The median age in the city was 30.7 years. 32.4% of residents were under the age of 18; 9.1% were between the ages of 18 and 24; 28% were from 25 to 44; 21.6% were from 45 to 64; and 8.9% were 65 years of age or older. The gender makeup of the city was 48.3% male and 51.7% female.

===2000 census===
As of the census of 2000, there were 1,742 people, 609 households, and 453 families living in the city. The population density was 929.3 PD/sqmi. There were 692 housing units at an average density of 369.2 /sqmi. The racial makeup of the city was 94.32% White, 3.16% African American, 0.34% Native American, 0.11% Asian, 0.29% from other races, and 1.78% from two or more races. Hispanic or Latino of any race were 0.92% of the population.

There were 609 households, out of which 45.8% had children under the age of 18 living with them, 47.5% were married couples living together, 19.0% had a female householder with no husband present, and 25.6% were non-families. 18.4% of all households were made up of individuals, and 3.4% had someone living alone who was 65 years of age or older. The average household size was 2.86 and the average family size was 3.21.

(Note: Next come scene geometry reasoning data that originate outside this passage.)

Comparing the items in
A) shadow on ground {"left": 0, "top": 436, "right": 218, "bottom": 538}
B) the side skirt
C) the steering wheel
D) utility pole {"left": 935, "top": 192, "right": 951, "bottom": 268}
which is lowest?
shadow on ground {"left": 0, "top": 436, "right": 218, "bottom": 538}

In the city the population was spread out, with 34.4% under the age of 18, 11.1% from 18 to 24, 35.1% from 25 to 44, 14.4% from 45 to 64, and 5.1% who were 65 years of age or older. The median age was 28 years. For every 100 females, there were 94.4 males. For every 100 females age 18 and over, there were 90.5 males.

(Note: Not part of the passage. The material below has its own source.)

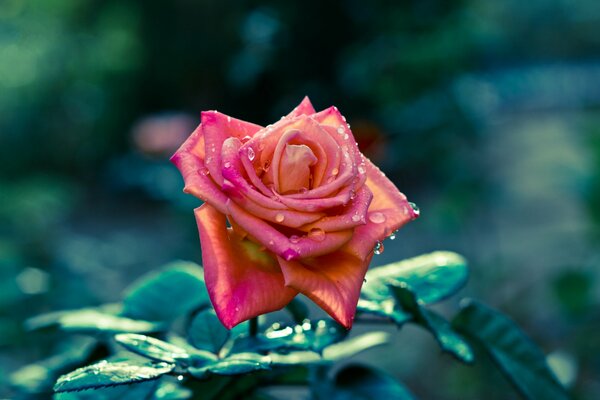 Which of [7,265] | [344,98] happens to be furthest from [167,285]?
[344,98]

The median income for a household in the city was $37,067, and the median income for a family was $42,083. Males had a median income of $30,264 versus $21,667 for females. The per capita income for the city was $14,555. About 5.3% of families and 8.7% of the population were below the poverty line, including 8.9% of those under age 18 and 8.7% of those age 65 or over.
==Education==
The Lincoln County R-III School District serves Moscow Mills. The district's comprehensive high school is Troy Buchanan High School.